Yet, as great as their success has been, even in anime we can see the telltale marks of stagnation. For one thing, anime never developed technically: while Japanese studios continued to paint pictures on celluloid with skills little changed from the 1930s, Pixar and Disney were inventing brand-new digital technology with dazzling visual effects that amazed the world in Toy Story, A Bug's Life, and Fantasia 2000. Furthermore, nothing can disguise the fact that in the end anime are essentially a children's medium. The really big hits, such as Pokemon and Sailor Moon (a favorite of the early-teen girl set), have none of the intellectual or aesthetic appeal of the famed works of Miyazaki Hayao – they are simply cute screenplay for little kids, and their very success underscores the vacuum at the adult end of the spectrum.

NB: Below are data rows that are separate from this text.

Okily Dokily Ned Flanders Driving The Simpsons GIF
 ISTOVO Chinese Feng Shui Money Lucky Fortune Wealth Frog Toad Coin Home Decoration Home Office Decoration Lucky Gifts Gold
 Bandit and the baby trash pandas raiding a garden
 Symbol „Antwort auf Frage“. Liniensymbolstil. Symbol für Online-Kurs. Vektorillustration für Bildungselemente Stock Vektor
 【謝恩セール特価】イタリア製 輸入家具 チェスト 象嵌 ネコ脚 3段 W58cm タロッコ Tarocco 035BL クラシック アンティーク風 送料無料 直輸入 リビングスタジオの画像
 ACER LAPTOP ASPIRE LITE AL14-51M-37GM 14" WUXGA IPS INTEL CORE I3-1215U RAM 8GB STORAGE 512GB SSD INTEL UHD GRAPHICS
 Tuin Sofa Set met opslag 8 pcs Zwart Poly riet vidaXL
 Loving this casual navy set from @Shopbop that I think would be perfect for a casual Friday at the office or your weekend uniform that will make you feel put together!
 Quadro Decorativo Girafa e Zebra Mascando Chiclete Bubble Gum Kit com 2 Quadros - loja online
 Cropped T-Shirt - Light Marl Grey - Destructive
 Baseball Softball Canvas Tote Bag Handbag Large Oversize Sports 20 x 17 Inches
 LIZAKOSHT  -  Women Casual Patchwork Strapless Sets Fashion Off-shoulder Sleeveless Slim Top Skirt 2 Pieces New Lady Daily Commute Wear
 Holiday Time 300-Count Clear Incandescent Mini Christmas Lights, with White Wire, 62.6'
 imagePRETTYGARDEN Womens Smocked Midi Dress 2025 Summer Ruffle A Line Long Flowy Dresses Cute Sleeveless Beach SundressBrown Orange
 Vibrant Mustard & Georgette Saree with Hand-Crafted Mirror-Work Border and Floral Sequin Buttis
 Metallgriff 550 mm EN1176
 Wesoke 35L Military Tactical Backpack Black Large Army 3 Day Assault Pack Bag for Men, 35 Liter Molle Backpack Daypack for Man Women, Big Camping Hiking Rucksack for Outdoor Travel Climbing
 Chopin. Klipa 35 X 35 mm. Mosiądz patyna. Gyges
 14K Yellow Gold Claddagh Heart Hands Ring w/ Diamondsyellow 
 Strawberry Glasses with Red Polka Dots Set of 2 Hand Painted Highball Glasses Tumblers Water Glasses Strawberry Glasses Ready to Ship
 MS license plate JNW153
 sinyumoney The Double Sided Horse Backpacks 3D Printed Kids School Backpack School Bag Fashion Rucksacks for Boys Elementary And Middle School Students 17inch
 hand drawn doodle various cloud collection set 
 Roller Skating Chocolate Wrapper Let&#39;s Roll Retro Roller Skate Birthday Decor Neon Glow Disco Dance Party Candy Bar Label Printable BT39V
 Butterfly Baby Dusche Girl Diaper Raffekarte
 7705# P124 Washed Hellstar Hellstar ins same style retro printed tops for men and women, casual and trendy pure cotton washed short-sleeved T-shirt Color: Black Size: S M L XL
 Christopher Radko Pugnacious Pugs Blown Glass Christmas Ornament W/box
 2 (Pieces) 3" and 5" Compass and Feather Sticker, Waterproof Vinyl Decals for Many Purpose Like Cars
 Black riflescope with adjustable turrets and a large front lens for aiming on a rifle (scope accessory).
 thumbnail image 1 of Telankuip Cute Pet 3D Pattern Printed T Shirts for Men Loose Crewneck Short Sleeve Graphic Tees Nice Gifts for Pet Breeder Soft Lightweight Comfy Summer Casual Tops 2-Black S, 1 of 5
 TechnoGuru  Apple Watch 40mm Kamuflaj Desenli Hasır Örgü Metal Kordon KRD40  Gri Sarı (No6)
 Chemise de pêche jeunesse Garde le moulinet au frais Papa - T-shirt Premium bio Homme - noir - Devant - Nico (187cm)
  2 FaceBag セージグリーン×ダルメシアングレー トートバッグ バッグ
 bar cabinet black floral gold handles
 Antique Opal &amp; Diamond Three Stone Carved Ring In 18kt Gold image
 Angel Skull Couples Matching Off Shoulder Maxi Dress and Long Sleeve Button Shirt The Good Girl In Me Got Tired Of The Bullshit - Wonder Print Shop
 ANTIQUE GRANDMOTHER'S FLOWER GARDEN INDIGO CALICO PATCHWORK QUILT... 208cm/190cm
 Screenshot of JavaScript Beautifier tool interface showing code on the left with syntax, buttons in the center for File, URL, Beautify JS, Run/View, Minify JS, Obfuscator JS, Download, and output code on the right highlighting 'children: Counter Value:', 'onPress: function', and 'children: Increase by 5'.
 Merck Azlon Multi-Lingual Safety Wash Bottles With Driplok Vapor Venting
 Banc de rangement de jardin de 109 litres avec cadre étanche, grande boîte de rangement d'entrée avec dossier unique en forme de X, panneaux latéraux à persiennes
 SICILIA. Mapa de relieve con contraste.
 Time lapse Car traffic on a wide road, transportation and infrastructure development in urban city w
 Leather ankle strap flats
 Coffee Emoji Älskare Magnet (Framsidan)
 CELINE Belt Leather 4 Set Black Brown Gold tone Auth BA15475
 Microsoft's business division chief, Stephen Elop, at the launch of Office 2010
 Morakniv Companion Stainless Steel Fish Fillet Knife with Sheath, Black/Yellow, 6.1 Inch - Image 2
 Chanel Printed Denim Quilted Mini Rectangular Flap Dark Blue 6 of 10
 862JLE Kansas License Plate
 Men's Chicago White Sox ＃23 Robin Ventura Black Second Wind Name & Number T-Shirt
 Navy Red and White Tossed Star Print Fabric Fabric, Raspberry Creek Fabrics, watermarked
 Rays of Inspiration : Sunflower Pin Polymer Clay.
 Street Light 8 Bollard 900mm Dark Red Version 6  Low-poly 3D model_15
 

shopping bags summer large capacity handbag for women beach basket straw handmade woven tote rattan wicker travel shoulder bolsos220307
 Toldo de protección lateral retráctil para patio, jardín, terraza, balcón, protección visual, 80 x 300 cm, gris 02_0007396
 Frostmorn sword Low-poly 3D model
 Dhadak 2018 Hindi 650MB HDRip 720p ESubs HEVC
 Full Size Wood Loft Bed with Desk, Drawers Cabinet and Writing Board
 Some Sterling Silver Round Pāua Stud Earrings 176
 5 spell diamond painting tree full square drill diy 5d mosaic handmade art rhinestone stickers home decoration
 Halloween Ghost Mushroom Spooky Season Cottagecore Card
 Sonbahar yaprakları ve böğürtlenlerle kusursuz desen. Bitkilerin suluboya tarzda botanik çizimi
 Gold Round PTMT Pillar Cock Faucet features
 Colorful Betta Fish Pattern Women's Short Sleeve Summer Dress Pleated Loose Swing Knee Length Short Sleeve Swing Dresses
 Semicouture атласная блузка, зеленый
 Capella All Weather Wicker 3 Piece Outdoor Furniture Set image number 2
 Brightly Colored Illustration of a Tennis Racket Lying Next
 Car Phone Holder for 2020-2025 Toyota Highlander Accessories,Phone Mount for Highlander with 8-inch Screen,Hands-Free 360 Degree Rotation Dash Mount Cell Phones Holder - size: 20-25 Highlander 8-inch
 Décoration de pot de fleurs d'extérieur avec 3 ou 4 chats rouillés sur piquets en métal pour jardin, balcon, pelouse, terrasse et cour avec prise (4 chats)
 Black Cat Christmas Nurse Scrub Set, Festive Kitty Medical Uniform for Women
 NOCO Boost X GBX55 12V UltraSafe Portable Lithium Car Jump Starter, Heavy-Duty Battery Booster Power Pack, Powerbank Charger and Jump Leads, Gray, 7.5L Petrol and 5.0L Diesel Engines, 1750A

In his closing years, Kurosawa sighed in an interview, «There is no hope for Japanese film companies. They have to be destroyed and rebuilt... The people accept only films they can understand, and what they can understand are only films with cats and dogs in them, not the modern world.»

Cinema provides a superb window into Japan's modern troubles, because all the patterns that afflict other aspects of national life come together here. One is monopoly. Three large companies-Toho, Toei, and Shochiku-have controlled most of the theaters and monopolized the business. They are shackled by the same seniority system that rules the rest of corporate Japan, with the result that producers prefer to work only in-house or with established directors with whom they have long-standing ties. In contrast to the frenzied telephone calling and «pitching» of new ideas that goes on in Hollywood, a deathly calm rules in Japan's studio offices.

We can sense the dead hand of bureaucracy weighing upon cinema: for decades, zoning rules made it hard to build theaters in suburbs and newly grown «bed-towns.» Cinemas did not benefit any branch of officialdom-so they haven't been built.